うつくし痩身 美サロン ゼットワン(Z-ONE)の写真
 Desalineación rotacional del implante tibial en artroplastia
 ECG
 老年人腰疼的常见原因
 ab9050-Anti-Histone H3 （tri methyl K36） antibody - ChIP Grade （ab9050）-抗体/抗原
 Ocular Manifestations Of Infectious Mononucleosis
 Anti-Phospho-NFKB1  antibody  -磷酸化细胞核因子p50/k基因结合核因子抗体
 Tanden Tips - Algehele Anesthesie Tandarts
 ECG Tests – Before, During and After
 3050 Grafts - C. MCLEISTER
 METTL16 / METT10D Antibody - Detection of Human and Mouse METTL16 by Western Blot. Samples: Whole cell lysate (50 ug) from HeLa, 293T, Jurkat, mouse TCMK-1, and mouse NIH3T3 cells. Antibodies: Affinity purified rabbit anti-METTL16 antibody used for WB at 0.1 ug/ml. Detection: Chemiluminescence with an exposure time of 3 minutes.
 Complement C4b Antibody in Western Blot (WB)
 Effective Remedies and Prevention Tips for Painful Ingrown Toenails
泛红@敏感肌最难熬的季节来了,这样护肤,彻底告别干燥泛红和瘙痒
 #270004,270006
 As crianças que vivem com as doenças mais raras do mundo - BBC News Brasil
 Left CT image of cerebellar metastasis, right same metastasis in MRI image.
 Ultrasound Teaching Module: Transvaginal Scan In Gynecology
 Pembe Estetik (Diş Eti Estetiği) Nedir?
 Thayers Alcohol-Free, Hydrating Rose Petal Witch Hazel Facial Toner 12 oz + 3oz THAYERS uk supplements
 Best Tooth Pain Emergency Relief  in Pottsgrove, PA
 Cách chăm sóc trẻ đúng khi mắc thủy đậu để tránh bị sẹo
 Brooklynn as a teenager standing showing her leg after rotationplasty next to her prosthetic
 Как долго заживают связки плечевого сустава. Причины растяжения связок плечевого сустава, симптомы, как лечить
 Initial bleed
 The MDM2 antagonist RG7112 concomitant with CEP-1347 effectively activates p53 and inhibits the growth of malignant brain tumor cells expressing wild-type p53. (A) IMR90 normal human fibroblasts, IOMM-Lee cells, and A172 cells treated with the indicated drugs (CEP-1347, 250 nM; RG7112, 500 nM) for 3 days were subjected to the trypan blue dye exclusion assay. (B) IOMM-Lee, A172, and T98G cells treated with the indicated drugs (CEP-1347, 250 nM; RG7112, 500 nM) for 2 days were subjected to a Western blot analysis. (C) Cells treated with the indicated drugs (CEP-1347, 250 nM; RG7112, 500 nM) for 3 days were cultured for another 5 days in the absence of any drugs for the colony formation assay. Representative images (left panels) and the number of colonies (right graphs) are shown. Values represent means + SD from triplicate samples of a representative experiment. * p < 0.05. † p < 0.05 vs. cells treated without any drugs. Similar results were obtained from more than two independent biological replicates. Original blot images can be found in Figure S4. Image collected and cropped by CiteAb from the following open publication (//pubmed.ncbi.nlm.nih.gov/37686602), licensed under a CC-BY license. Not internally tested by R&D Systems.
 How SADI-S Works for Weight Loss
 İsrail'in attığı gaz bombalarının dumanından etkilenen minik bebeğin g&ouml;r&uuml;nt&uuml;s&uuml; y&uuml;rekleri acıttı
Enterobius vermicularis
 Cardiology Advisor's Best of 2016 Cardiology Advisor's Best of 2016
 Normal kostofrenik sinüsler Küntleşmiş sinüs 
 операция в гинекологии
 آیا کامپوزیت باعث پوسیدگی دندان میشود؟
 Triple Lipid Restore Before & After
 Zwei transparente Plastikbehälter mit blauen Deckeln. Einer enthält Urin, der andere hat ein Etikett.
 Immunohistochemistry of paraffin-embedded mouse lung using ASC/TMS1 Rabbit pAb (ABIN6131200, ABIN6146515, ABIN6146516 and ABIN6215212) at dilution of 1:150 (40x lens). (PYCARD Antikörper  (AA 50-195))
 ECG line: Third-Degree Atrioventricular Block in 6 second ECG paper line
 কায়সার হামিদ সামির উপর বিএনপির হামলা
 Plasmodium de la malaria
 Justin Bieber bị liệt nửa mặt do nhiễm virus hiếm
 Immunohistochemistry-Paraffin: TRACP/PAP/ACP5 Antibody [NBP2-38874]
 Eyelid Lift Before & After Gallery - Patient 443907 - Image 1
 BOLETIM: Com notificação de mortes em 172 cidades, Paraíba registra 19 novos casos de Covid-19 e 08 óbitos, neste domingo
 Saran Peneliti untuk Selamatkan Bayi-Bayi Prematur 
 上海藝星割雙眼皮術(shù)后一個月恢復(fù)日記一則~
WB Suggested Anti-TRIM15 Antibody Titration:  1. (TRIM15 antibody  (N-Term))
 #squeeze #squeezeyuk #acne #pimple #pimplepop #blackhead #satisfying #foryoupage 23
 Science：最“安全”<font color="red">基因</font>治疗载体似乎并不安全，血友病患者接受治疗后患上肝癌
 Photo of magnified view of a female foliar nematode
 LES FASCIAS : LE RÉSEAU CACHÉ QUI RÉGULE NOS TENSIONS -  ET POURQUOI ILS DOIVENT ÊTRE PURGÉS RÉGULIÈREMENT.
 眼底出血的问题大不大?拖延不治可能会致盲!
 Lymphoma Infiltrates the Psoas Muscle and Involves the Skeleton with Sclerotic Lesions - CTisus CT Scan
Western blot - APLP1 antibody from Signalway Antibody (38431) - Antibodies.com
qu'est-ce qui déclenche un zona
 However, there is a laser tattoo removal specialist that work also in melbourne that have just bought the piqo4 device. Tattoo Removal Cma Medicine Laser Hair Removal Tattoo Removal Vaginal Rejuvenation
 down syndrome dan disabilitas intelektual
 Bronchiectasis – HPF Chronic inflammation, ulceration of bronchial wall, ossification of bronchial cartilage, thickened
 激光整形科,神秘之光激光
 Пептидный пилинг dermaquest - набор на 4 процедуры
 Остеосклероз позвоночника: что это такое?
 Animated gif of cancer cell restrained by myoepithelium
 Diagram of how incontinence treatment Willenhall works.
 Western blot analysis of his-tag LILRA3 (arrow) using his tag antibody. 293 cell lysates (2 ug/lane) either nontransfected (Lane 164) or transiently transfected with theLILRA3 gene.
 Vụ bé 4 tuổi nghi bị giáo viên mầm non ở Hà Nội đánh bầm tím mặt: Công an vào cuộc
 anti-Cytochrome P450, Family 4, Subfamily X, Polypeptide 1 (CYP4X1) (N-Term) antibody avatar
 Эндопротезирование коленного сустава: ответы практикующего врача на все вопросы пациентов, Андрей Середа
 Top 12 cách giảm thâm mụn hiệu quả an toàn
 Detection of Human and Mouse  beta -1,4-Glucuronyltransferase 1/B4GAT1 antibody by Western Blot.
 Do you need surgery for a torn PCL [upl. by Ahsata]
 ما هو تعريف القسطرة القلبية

Exercise brief: Would you transcribe every entry exactly, leaving nothing out?

Expected answer:
うつくし痩身 美サロン ゼットワン(Z-ONE)の写真
 Desalineación rotacional del implante tibial en artroplastia
 ECG
 老年人腰疼的常见原因
 ab9050-Anti-Histone H3 （tri methyl K36） antibody - ChIP Grade （ab9050）-抗体/抗原
 Ocular Manifestations Of Infectious Mononucleosis
 Anti-Phospho-NFKB1  antibody  -磷酸化细胞核因子p50/k基因结合核因子抗体
 Tanden Tips - Algehele Anesthesie Tandarts
 ECG Tests – Before, During and After
 3050 Grafts - C. MCLEISTER
 METTL16 / METT10D Antibody - Detection of Human and Mouse METTL16 by Western Blot. Samples: Whole cell lysate (50 ug) from HeLa, 293T, Jurkat, mouse TCMK-1, and mouse NIH3T3 cells. Antibodies: Affinity purified rabbit anti-METTL16 antibody used for WB at 0.1 ug/ml. Detection: Chemiluminescence with an exposure time of 3 minutes.
 Complement C4b Antibody in Western Blot (WB)
 Effective Remedies and Prevention Tips for Painful Ingrown Toenails
泛红@敏感肌最难熬的季节来了,这样护肤,彻底告别干燥泛红和瘙痒
 #270004,270006
 As crianças que vivem com as doenças mais raras do mundo - BBC News Brasil
 Left CT image of cerebellar metastasis, right same metastasis in MRI image.
 Ultrasound Teaching Module: Transvaginal Scan In Gynecology
 Pembe Estetik (Diş Eti Estetiği) Nedir?
 Thayers Alcohol-Free, Hydrating Rose Petal Witch Hazel Facial Toner 12 oz + 3oz THAYERS uk supplements
 Best Tooth Pain Emergency Relief  in Pottsgrove, PA
 Cách chăm sóc trẻ đúng khi mắc thủy đậu để tránh bị sẹo
 Brooklynn as a teenager standing showing her leg after rotationplasty next to her prosthetic
 Как долго заживают связки плечевого сустава. Причины растяжения связок плечевого сустава, симптомы, как лечить
 Initial bleed
 The MDM2 antagonist RG7112 concomitant with CEP-1347 effectively activates p53 and inhibits the growth of malignant brain tumor cells expressing wild-type p53. (A) IMR90 normal human fibroblasts, IOMM-Lee cells, and A172 cells treated with the indicated drugs (CEP-1347, 250 nM; RG7112, 500 nM) for 3 days were subjected to the trypan blue dye exclusion assay. (B) IOMM-Lee, A172, and T98G cells treated with the indicated drugs (CEP-1347, 250 nM; RG7112, 500 nM) for 2 days were subjected to a Western blot analysis. (C) Cells treated with the indicated drugs (CEP-1347, 250 nM; RG7112, 500 nM) for 3 days were cultured for another 5 days in the absence of any drugs for the colony formation assay. Representative images (left panels) and the number of colonies (right graphs) are shown. Values represent means + SD from triplicate samples of a representative experiment. * p < 0.05. † p < 0.05 vs. cells treated without any drugs. Similar results were obtained from more than two independent biological replicates. Original blot images can be found in Figure S4. Image collected and cropped by CiteAb from the following open publication (//pubmed.ncbi.nlm.nih.gov/37686602), licensed under a CC-BY license. Not internally tested by R&D Systems.
 How SADI-S Works for Weight Loss
 İsrail'in attığı gaz bombalarının dumanından etkilenen minik bebeğin g&ouml;r&uuml;nt&uuml;s&uuml; y&uuml;rekleri acıttı
Enterobius vermicularis
 Cardiology Advisor's Best of 2016 Cardiology Advisor's Best of 2016
 Normal kostofrenik sinüsler Küntleşmiş sinüs 
 операция в гинекологии
 آیا کامپوزیت باعث پوسیدگی دندان میشود؟
 Triple Lipid Restore Before & After
 Zwei transparente Plastikbehälter mit blauen Deckeln. Einer enthält Urin, der andere hat ein Etikett.
 Immunohistochemistry of paraffin-embedded mouse lung using ASC/TMS1 Rabbit pAb (ABIN6131200, ABIN6146515, ABIN6146516 and ABIN6215212) at dilution of 1:150 (40x lens). (PYCARD Antikörper  (AA 50-195))
 ECG line: Third-Degree Atrioventricular Block in 6 second ECG paper line
 কায়সার হামিদ সামির উপর বিএনপির হামলা
 Plasmodium de la malaria
 Justin Bieber bị liệt nửa mặt do nhiễm virus hiếm
 Immunohistochemistry-Paraffin: TRACP/PAP/ACP5 Antibody [NBP2-38874]
 Eyelid Lift Before & After Gallery - Patient 443907 - Image 1
 BOLETIM: Com notificação de mortes em 172 cidades, Paraíba registra 19 novos casos de Covid-19 e 08 óbitos, neste domingo
 Saran Peneliti untuk Selamatkan Bayi-Bayi Prematur 
 上海藝星割雙眼皮術(shù)后一個月恢復(fù)日記一則~
WB Suggested Anti-TRIM15 Antibody Titration:  1. (TRIM15 antibody  (N-Term))
 #squeeze #squeezeyuk #acne #pimple #pimplepop #blackhead #satisfying #foryoupage 23
 Science：最“安全”<font color="red">基因</font>治疗载体似乎并不安全，血友病患者接受治疗后患上肝癌
 Photo of magnified view of a female foliar nematode
 LES FASCIAS : LE RÉSEAU CACHÉ QUI RÉGULE NOS TENSIONS -  ET POURQUOI ILS DOIVENT ÊTRE PURGÉS RÉGULIÈREMENT.
 眼底出血的问题大不大?拖延不治可能会致盲!
 Lymphoma Infiltrates the Psoas Muscle and Involves the Skeleton with Sclerotic Lesions - CTisus CT Scan
Western blot - APLP1 antibody from Signalway Antibody (38431) - Antibodies.com
qu'est-ce qui déclenche un zona
 However, there is a laser tattoo removal specialist that work also in melbourne that have just bought the piqo4 device. Tattoo Removal Cma Medicine Laser Hair Removal Tattoo Removal Vaginal Rejuvenation
 down syndrome dan disabilitas intelektual
 Bronchiectasis – HPF Chronic inflammation, ulceration of bronchial wall, ossification of bronchial cartilage, thickened
 激光整形科,神秘之光激光
 Пептидный пилинг dermaquest - набор на 4 процедуры
 Остеосклероз позвоночника: что это такое?
 Animated gif of cancer cell restrained by myoepithelium
 Diagram of how incontinence treatment Willenhall works.
 Western blot analysis of his-tag LILRA3 (arrow) using his tag antibody. 293 cell lysates (2 ug/lane) either nontransfected (Lane 164) or transiently transfected with theLILRA3 gene.
 Vụ bé 4 tuổi nghi bị giáo viên mầm non ở Hà Nội đánh bầm tím mặt: Công an vào cuộc
 anti-Cytochrome P450, Family 4, Subfamily X, Polypeptide 1 (CYP4X1) (N-Term) antibody avatar
 Эндопротезирование коленного сустава: ответы практикующего врача на все вопросы пациентов, Андрей Середа
 Top 12 cách giảm thâm mụn hiệu quả an toàn
 Detection of Human and Mouse  beta -1,4-Glucuronyltransferase 1/B4GAT1 antibody by Western Blot.
 Do you need surgery for a torn PCL [upl. by Ahsata]
 ما هو تعريف القسطرة القلبية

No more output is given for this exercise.